Clan Clan Internacional
- Country: Spain
- Broadcast area: Spain
- Network: Televisión Española (TVE)
- Headquarters: Prado del Rey, Pozuelo de Alarcón (Madrid)

Programming
- Languages: Spanish, English (via SAP)
- Picture format: 1080i HDTV

Ownership
- Owner: Radiotelevisión Española (RTVE)
- Sister channels: La 1 La 2 24 Horas Teledeporte TVE Internacional Star TVE HD

History
- Launched: 12 December 2005; 20 years ago
- Replaced: TVE 50 Años (evenings)

Links
- Website: http://www.rtve.es/infantil/

Availability

Terrestrial
- Digital terrestrial: Physical channels varies by province.

= Clan (TV channel) =

Public Spanish children's television network

Clan is a Spanish free-to-air television channel owned and operated by Televisión Española (TVE), the television division of state-owned public broadcaster Radiotelevisión Española (RTVE). It is the corporation's television channel for kids, and is known for its programming for children between the ages of two and twelve.

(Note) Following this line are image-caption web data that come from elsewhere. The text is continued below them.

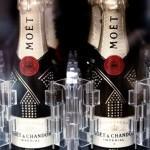 HIGH TECH: Du Moët & Chandon au distributeur HIGH TECH: Du Moët & Chandon au distributeur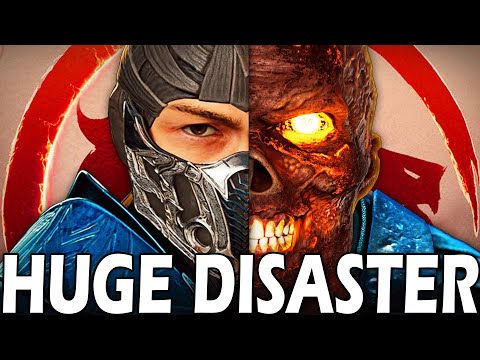 The Komplete Disaster Of Mortal Kombat 2...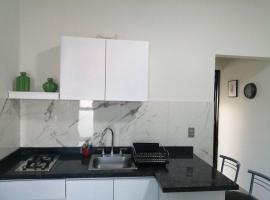 Departamento Ciudad del Valle B, hótel í Tepic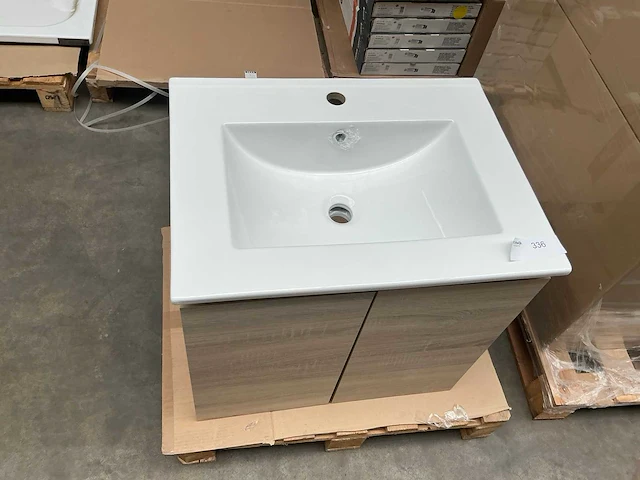 Hr multi2 badmeubelset 60cm - afbeelding 4 van  4
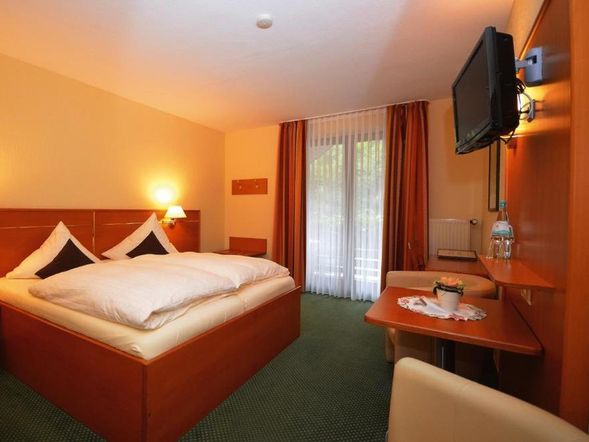 Hotel Burgfrieden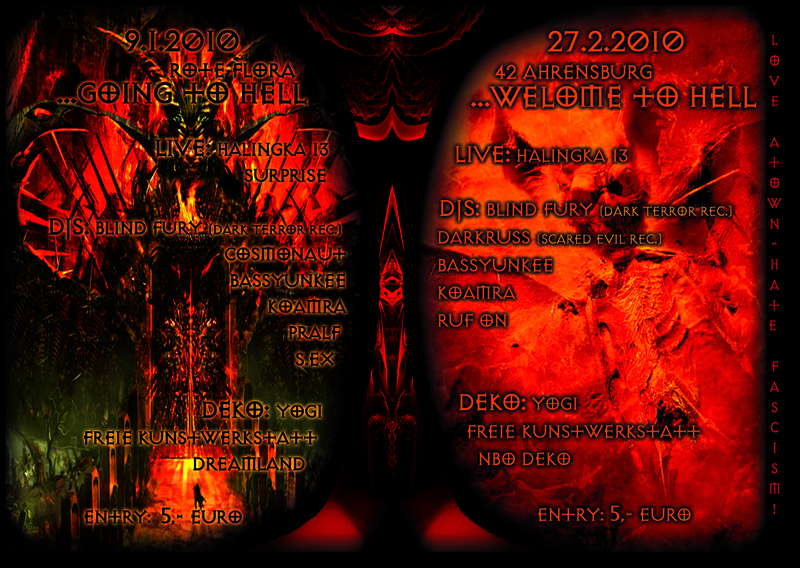 eRRoR404 Sause - Welcome to psychedelic H3ll · 27 Feb 10, 22:00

Logo used from 2008 to 2026

==History==
It was launched on 12 December 2005 and until 1 January 2007 it had time-shared with TVE 50 Años between 9pm and 7am, which has since closed. The service since then broadcasts 24 hours a day.

Clan is available free on digital terrestrial television (known as TDT in Spain) and on major subscription platforms. In the United States, the channel is available on Dish Network. Although the channel primarily screens programming for children aged from two to twelve, programming for older audiences is shown during the evening and night. A mixture of Spanish and foreign programming is shown, all in the Spanish language, both live-action and animated. Some programs feature a sign-language interpreter as well. Because of this, the channel is regarded as a useful platform for primary school teachers. Musical programs such as Operacion Triunfo, the Eurovision Song Contest and Junior Eurovision Song Contest are also broadcast on the channel.

In 2010, the channel started promoting internet safety to children.

An international feed started broadcasting in Latin America and the United States in 2017.

In December 2023, the channel acquired the rights to H2O: Just Add Water and its sequel spin-off Mako: Island of Secrets. RTVE paid producer-distributor ZDF Studios a sum of €280,900 to air the two series.

On January 30, 2025, it was announced that before the end of the year, the channel will start broadcasting its content in Basque, Catalan and Galician too. The Catalan audio track was originally scheduled to arrive in the fall, but it was later postponed to spring 2026. On October 31, 2025, a Disney Jr. branded block launched on the channel, running twice every day.

From November 5, 2026, the channel will move to the RGE1 multiplex. Since that multiplex enables regional opt-outs, RTVE will have to notify operator Cellnex to enable it two or three weeks after the new configuration is in place. This will finally enable region-specific programming for Catalonia, Galicia and the Basque Country, in their respective languages.

==Derived programs and products==
===Revista Clan===
Revista Clan was published for the first time on March 25, 2010, a monthly magazine released at a national scale. The magazine is aimed at children between ages 3 and 10.

===Let's Clan===
In September 2013, TVE launched Let’s Clan, a slot with series in English supported by the British Council. Its goal is to stimulate the learning of the language among children.